The Trump Administration said that in 2018 alone, it has found dumping or unfair subsidies on 13 different products, including steel wheels, cold-drawn mechanical tubing, tool chests and cabinets, forged steel fittings, aluminum foil, rubber bands, cast iron soil pipe and fittings, and large diameter welded pipe.
In January 2018, the Trump Administration found that China’s overproduction of steel and aluminum, and the resulting impact on global markets, is a circumstance that threatens to impair America’s national security.
The United States has run a trade in goods deficit with China for years, including a $375 billion deficit in 2017 alone.
The President is especially upset that the past president has promoted the interests of China at the expense of undermining American innovation and jobs. He said that it has aggressively sought to obtain technology from American companies and undermine American innovation and creativity.
His Administration also cited the cost of China’s intellectual property theft which costs United States innovators billions of dollars a year. China accounts for 87 per cent of counterfeit goods seized coming into the United States.
The United States Trade Representative’s (USTR) investigation has identified four of China’s aggressive technology policies that put 44 million American technology jobs at risk:
Trump alleges that China uses foreign ownership restrictions, administrative review, and licensing processes to force or pressure technology transfers from American companies. China requires foreign companies that access their New Energy Vehicles market to transfer core technologies and disclose development and manufacturing technology.
He said China imposes contractual restrictions on the licensing of intellectual property and technology by foreign firms into China, but does not put the same restrictions on contracts between two Chinese enterprises.
He charged that China directs and facilitates investments in and acquisitions of United States companies to generate large-scale technology transfer. And that it conducts and supports cyber intrusions into United States computer networks to gain access to valuable business information so Chinese companies can copy products.
President Trump has taken long overdue action to finally address the source of the problem by addressing China’s unfair trade practices that hurt America’s workers and its innovative industries.

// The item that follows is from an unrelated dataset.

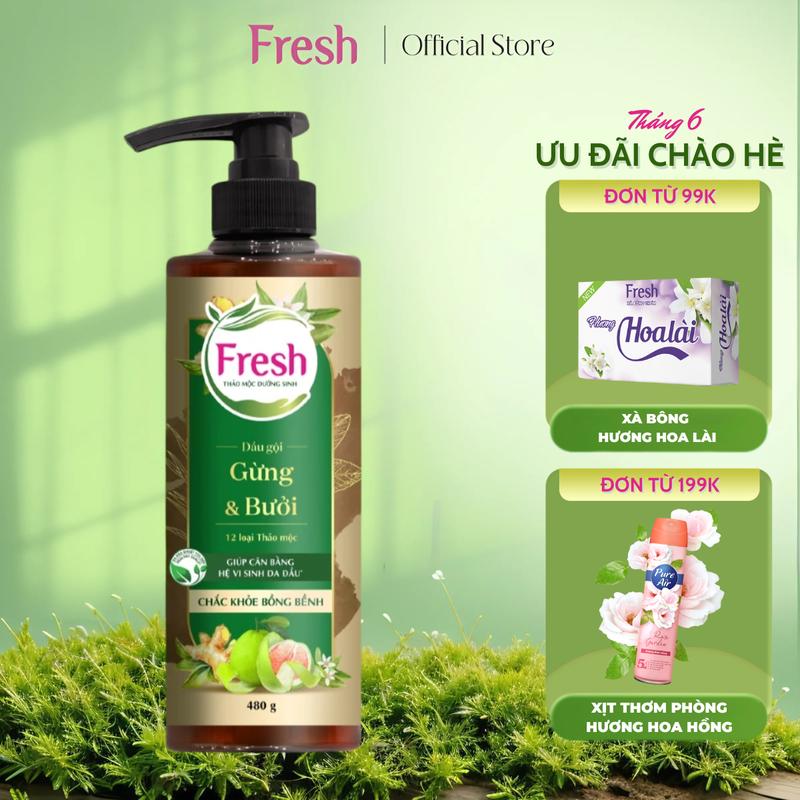 Dầu Gội Fresh Thảo Mộc Dưỡng Sinh - Chắc Khoẻ Bồng Bềnh Với Chiết Xuất Gừng Và Tinh Dầu Bưởi 480g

In January 2018, the President announced his decision to provide safeguard relief to United States manufacturers injured by surging imports of washing machines and solar products. His Administration’s actions responded to injurious trade practices by China and other countries, including attempts to avoid legally imposed anti-dumping and countervailing duties. He reminded that following the decision, Whirlpool announced 200 new jobs in Ohio.
USTR and the U.S. Department of Commerce said that they were working together to defend the right of the United States to continue treating China as a non-market economy in anti-dumping investigations until China makes the reforms it agreed to when it joined the World Trade Organization (WTO).
President Trump’s Administration has successfully litigated WTO disputes targeting unfair trade practices and upholding Americans right to enforce United States trade laws. In February 2018, USTR won a WTO compliance challenge against China’s unfair anti-dumping and countervailing duties on United States poultry exports and China announced the termination of those duties.
President Trump had earlier imposed a 25 percent tariff on $50 billion of goods imported from China containing industrially significant technology, including those related to the “Made in China 2025” program. He said the final list of covered imports will be announced by June 15, 2018.
He added that the United States will implement specific investment restrictions and enhanced export controls for Chinese persons and entities related to the acquisition of industrially significant technology.